HOW TO COMPLETE THIS TASK: Produce a faithful copy of the data, one that leaves out the pictures.

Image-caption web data
▼▼▼

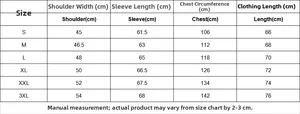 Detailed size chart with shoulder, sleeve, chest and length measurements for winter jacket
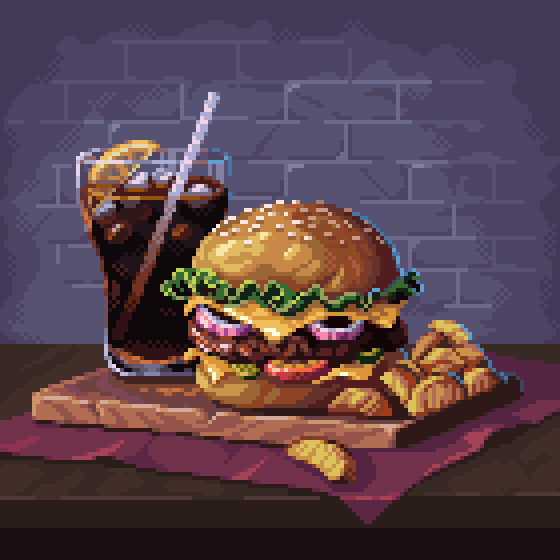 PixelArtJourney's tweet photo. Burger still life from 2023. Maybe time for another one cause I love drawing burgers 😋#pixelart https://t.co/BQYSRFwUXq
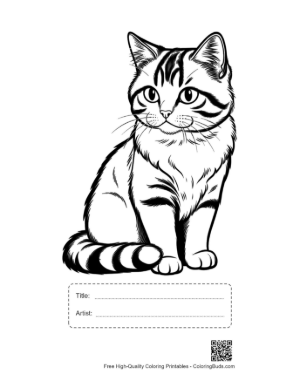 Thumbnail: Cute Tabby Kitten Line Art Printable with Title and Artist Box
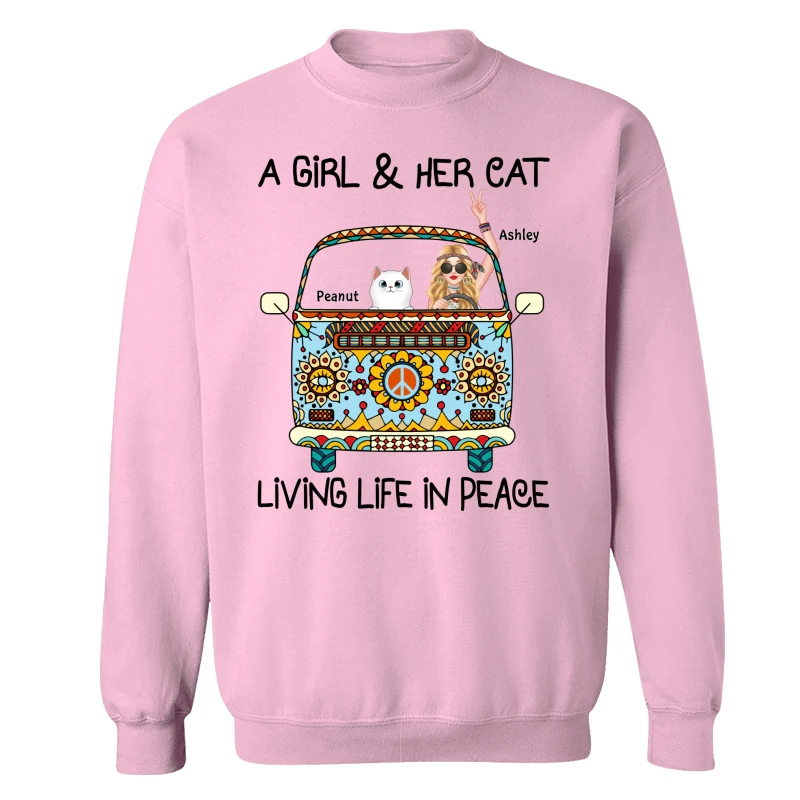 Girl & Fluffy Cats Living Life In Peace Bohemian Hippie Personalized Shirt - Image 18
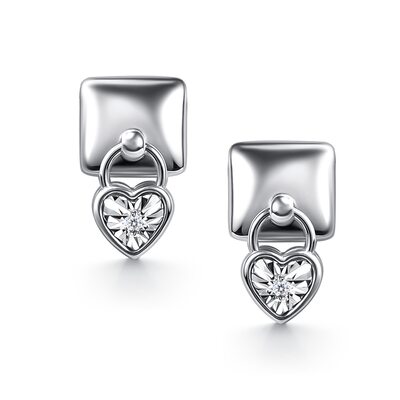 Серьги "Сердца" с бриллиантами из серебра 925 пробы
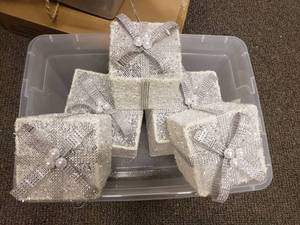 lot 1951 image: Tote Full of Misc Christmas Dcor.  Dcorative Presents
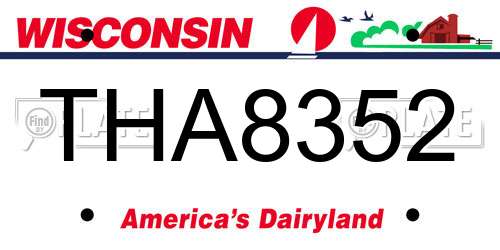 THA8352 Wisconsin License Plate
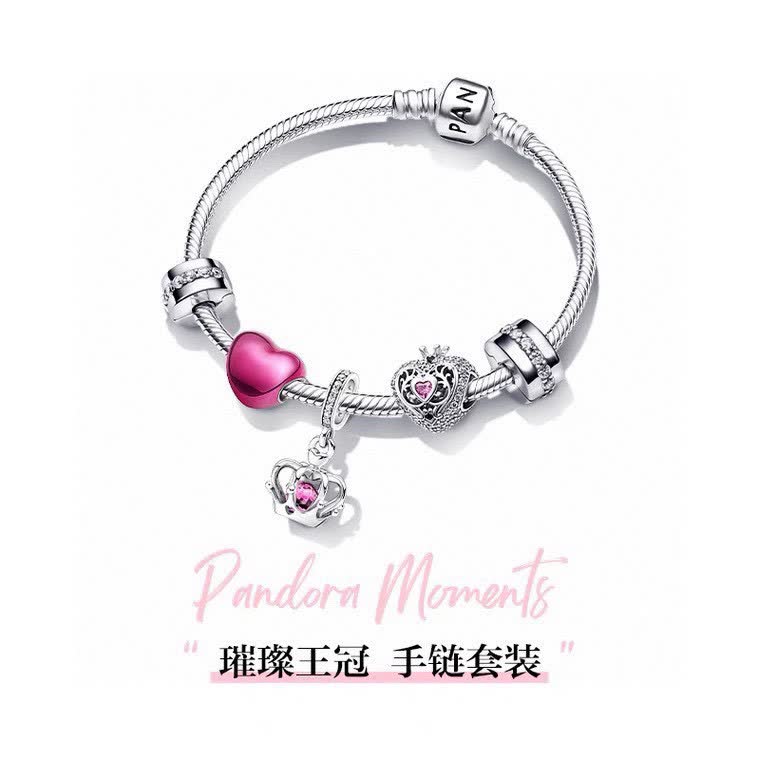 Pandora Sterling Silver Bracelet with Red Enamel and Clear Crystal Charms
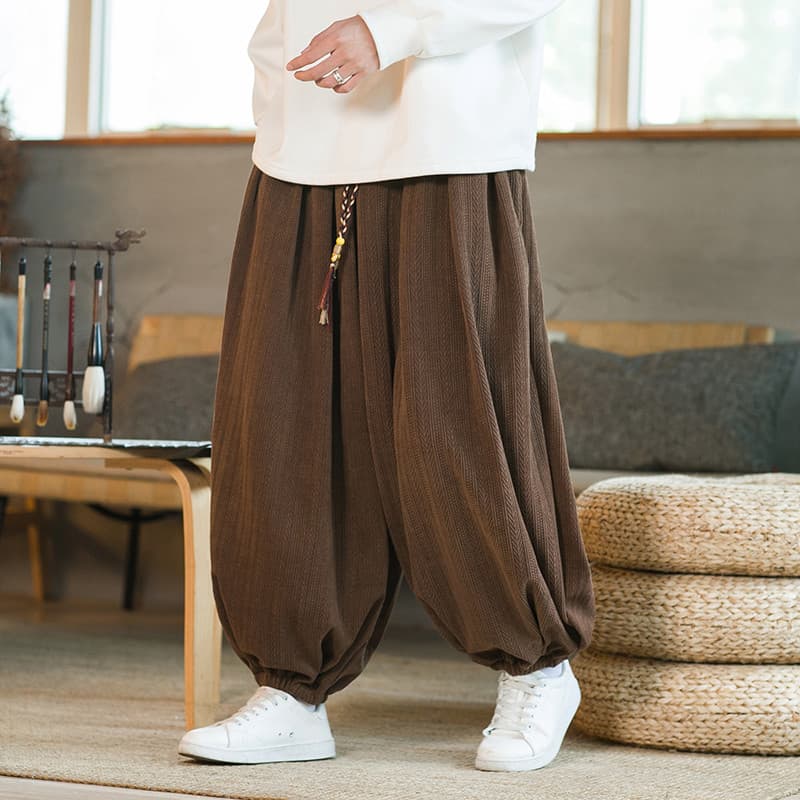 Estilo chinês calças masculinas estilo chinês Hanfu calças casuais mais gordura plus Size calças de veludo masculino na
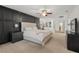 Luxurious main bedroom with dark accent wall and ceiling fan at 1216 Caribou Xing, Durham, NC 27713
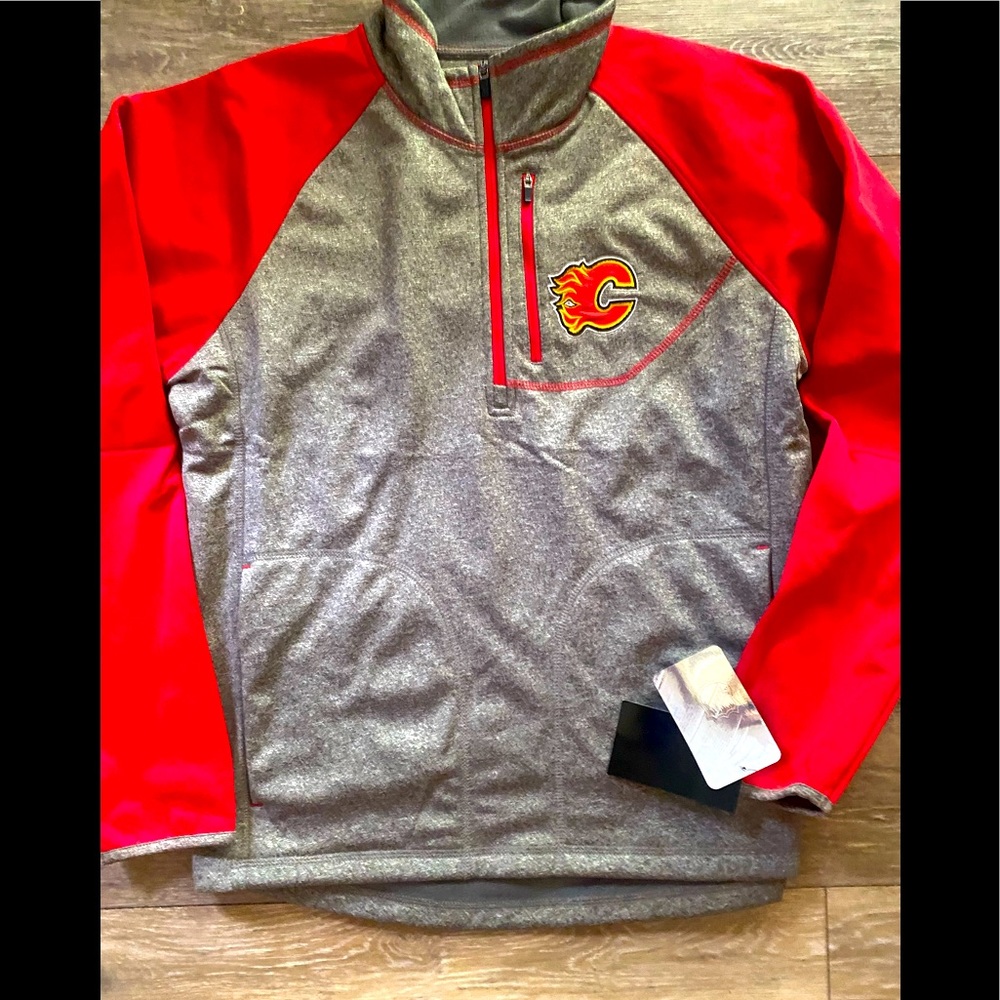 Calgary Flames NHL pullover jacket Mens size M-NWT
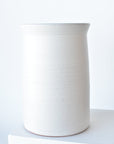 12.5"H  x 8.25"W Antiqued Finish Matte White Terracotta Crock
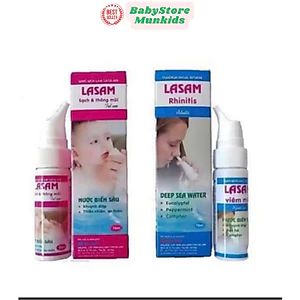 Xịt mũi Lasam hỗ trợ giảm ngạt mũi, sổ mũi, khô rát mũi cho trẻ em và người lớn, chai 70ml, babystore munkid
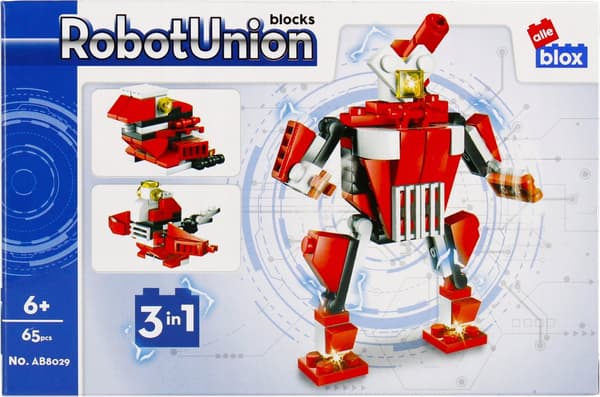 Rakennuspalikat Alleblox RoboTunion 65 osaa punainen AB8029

▲▲▲

ANSWER TO THE EXERCISE:
 Detailed size chart with shoulder, sleeve, chest and length measurements for winter jacket
 PixelArtJourney's tweet photo. Burger still life from 2023. Maybe time for another one cause I love drawing burgers 😋#pixelart https://t.co/BQYSRFwUXq
 Thumbnail: Cute Tabby Kitten Line Art Printable with Title and Artist Box
 Girl & Fluffy Cats Living Life In Peace Bohemian Hippie Personalized Shirt - Image 18
 Серьги "Сердца" с бриллиантами из серебра 925 пробы
 lot 1951 image: Tote Full of Misc Christmas Dcor.  Dcorative Presents
 THA8352 Wisconsin License Plate
 Pandora Sterling Silver Bracelet with Red Enamel and Clear Crystal Charms
 Estilo chinês calças masculinas estilo chinês Hanfu calças casuais mais gordura plus Size calças de veludo masculino na
 Luxurious main bedroom with dark accent wall and ceiling fan at 1216 Caribou Xing, Durham, NC 27713
 Calgary Flames NHL pullover jacket Mens size M-NWT
 12.5"H  x 8.25"W Antiqued Finish Matte White Terracotta Crock
 Xịt mũi Lasam hỗ trợ giảm ngạt mũi, sổ mũi, khô rát mũi cho trẻ em và người lớn, chai 70ml, babystore munkid
 Rakennuspalikat Alleblox RoboTunion 65 osaa punainen AB8029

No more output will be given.